New York City Sexual Harassment: Where does it come and how can it be prevented?

New York sexual harassment and gender discrimination are prohibited by Title VII of the Civil Rights Act as well as by New York State's own anti-harassment laws. This article will explore the concept of NY sexual harassment and introduce you to some generally accepted strategies for preventing it and ending it at the workplace.

The legal definition of "sexual harassment" is purposefully ambiguous. In general, any workplace conduct or sexual advance that is not welcome or that turns the work environment into a hostile or intimidating place to be can be construed as harassment. The line between appropriate and inappropriate conduct depends closely on context.

What might be acceptably flirtatious at one job might be inappropriate harassment at another. To illustrate the concept further, let's take a look at some real world examples of what would likely be construed as NYC sexual harassment:

• A sales manager demeans female customers to his subordinates by insulting or mocking their figures and style of dress.
• A bus boy gropes a waitress - pitching her buttocks or grabbing at her chest.
• A boss posts sexually explicit cartoons on his subordinate's desk as a joke.
• An employee forwards a lewd email around to co-workers that contains sexually explicit pictures or language.
• A secretary at an accounting firm becomes uncomfortable when her supervisors spend half an hour exchanging dirty jokes in the break room.

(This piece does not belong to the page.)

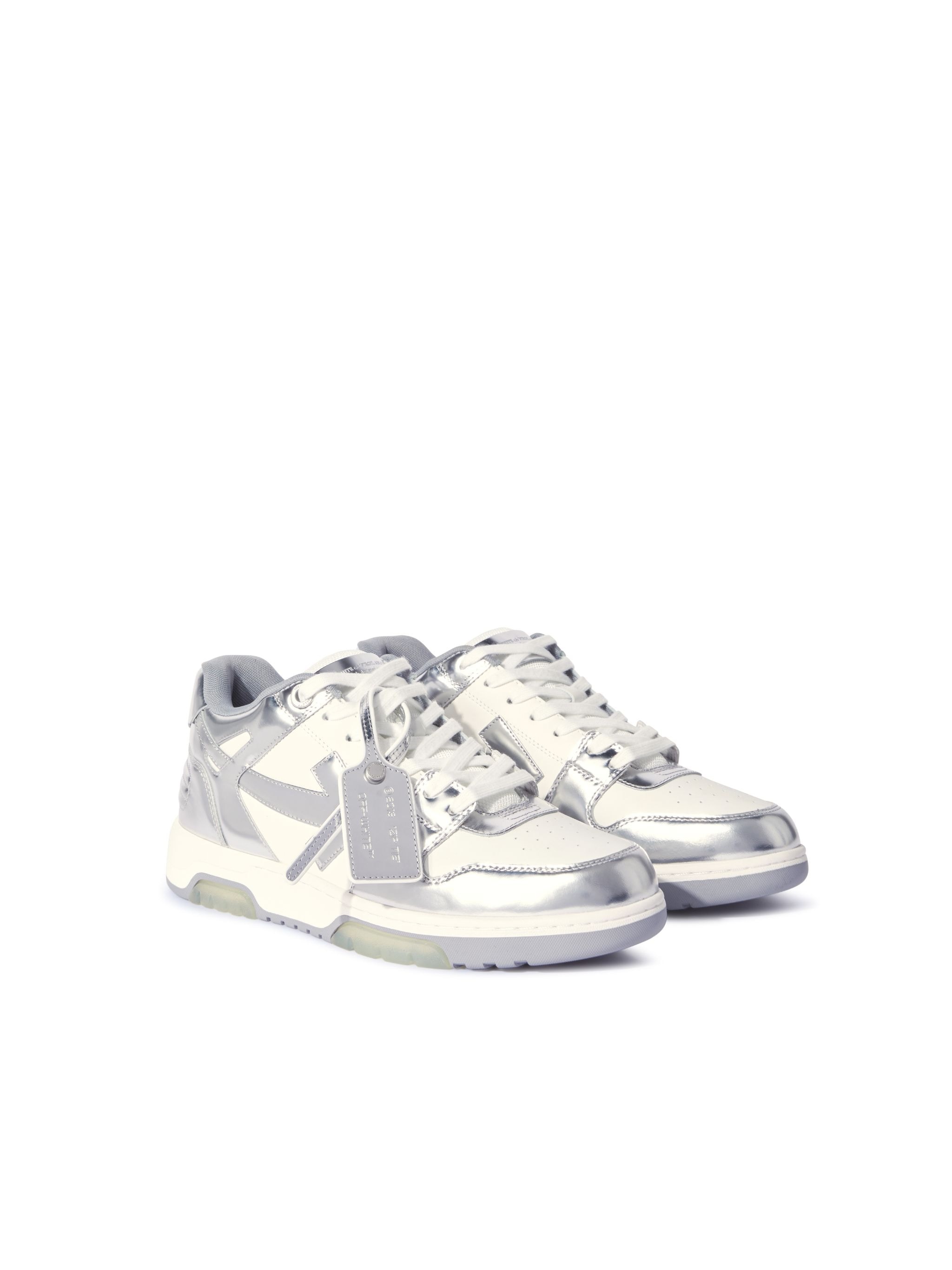 White/silver Out Of Office - 2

While most victims of sexual harassment are women; men can suffer harassment as well:

• For a fictitious example of female-to-male sexual harassment, see the 2009 Sandra Bullock movie, "The Proposal."
• For a real world example of NYC male-to-male sexual harassment, see the allegations recently filed by the Equal Employment Opportunity Commission (EEOC) against Sparks Restaurant in NYC.

Preventing harassment is an ongoing challenge for employers and employees alike.

One good place to start is a clear and well publicized policy. Employers and direct supervisors should know this policy inside and out and should convey it effectively to subordinates. Policy must be reasonable, regularly reviewed, and unambiguous.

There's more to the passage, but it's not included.